-- Dataset entries follows --

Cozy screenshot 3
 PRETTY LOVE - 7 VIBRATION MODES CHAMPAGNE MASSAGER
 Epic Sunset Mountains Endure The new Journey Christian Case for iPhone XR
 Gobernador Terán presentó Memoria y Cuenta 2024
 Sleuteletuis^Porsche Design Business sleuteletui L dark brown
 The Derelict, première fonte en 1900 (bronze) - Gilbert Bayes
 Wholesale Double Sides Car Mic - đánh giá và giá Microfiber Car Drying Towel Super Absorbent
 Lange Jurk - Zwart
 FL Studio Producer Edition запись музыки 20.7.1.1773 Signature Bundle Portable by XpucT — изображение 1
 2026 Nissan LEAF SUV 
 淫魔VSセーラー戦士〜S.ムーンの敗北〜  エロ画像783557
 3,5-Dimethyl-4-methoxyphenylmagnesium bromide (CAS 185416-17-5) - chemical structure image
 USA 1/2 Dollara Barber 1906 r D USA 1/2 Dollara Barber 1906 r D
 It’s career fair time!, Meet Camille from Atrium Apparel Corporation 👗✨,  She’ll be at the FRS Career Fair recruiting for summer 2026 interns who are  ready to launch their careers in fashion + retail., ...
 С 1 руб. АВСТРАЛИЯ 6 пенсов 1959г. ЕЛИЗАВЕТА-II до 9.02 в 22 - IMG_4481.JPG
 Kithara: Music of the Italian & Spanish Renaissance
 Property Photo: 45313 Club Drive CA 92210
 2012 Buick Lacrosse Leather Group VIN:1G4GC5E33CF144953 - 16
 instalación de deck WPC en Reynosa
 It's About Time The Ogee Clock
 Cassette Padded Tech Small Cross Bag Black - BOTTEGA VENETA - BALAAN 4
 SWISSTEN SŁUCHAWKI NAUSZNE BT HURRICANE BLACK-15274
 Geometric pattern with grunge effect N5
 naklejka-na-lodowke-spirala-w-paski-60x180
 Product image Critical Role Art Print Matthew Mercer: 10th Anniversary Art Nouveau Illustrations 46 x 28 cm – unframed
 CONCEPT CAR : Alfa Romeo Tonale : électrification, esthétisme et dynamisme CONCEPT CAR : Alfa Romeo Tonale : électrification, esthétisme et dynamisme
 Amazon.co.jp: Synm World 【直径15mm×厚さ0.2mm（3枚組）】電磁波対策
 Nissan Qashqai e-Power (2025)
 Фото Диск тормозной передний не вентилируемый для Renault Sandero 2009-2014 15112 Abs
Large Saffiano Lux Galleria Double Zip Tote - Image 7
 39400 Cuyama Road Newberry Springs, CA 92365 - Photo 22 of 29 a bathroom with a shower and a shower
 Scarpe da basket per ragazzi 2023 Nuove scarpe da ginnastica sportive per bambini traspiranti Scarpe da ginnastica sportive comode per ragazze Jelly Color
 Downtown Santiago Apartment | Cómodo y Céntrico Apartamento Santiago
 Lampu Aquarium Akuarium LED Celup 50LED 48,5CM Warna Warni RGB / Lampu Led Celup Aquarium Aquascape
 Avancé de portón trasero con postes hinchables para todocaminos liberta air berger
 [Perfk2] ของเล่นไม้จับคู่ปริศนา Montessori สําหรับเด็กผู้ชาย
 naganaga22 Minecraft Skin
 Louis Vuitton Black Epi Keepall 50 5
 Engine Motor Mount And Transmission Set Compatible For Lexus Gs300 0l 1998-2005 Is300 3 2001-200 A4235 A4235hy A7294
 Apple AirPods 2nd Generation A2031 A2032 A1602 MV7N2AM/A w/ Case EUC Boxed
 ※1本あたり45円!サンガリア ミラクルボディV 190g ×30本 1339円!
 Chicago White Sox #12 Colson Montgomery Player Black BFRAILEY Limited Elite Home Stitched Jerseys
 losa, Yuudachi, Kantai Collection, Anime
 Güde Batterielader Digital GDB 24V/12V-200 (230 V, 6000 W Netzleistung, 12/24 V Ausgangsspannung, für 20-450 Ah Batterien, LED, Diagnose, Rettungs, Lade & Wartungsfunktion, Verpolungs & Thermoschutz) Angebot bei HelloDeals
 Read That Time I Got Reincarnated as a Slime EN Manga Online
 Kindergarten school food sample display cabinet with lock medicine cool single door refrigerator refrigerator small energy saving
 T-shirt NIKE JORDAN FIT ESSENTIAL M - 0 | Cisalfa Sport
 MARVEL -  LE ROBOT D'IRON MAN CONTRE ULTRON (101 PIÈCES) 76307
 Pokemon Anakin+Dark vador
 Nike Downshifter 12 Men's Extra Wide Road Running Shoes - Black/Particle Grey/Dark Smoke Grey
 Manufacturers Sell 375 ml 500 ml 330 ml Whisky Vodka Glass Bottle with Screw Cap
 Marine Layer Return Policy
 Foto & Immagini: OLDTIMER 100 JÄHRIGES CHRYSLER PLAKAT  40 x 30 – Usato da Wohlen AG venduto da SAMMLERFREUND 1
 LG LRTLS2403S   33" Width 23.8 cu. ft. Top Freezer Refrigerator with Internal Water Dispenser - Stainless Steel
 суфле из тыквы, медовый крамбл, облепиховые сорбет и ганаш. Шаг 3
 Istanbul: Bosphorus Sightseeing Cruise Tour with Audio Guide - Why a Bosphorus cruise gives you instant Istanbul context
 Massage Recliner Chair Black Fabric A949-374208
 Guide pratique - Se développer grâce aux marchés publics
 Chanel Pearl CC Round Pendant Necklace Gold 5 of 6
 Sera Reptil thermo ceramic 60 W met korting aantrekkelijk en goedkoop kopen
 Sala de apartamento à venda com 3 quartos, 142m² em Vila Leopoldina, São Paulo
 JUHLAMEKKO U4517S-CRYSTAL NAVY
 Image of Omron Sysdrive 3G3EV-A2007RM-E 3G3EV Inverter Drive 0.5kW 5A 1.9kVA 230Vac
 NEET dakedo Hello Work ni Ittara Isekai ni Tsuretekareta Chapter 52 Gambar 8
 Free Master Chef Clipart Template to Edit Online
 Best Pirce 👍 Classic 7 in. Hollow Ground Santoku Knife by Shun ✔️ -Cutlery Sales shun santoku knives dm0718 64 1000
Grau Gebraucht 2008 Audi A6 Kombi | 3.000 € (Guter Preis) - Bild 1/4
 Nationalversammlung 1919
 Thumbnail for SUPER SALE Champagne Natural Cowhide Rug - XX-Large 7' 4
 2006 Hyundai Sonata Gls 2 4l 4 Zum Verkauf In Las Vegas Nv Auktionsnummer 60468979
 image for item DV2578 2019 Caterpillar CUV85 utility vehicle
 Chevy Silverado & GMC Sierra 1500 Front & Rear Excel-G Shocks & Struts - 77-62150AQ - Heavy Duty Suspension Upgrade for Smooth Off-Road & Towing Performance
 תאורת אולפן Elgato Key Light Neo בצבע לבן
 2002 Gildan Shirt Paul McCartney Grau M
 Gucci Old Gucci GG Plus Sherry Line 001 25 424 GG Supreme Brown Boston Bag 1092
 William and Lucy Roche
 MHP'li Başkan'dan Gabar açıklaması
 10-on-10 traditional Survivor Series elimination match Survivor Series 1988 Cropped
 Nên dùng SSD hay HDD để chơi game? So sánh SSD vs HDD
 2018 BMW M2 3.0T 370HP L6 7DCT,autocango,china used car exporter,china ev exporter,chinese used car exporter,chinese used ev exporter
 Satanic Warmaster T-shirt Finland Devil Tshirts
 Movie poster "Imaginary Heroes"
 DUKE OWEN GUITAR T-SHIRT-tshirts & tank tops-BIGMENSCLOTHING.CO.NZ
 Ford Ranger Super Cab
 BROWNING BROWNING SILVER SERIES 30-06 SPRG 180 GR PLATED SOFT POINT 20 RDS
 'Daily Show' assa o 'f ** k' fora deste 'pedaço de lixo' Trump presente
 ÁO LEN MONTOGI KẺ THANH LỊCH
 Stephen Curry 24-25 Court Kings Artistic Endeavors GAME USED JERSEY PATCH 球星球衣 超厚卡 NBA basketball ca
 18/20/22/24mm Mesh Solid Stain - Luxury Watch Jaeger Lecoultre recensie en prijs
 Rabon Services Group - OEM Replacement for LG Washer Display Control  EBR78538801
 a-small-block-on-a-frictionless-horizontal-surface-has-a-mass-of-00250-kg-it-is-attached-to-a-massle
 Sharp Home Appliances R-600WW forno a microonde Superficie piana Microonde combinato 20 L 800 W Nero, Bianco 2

-- Dataset entries concluded --

_Directions for this task_.
In the entries above, find each line containing the string "Online" and copy it.

_Response to the task_.
 Read That Time I Got Reincarnated as a Slime EN Manga Online
 Free Master Chef Clipart Template to Edit Online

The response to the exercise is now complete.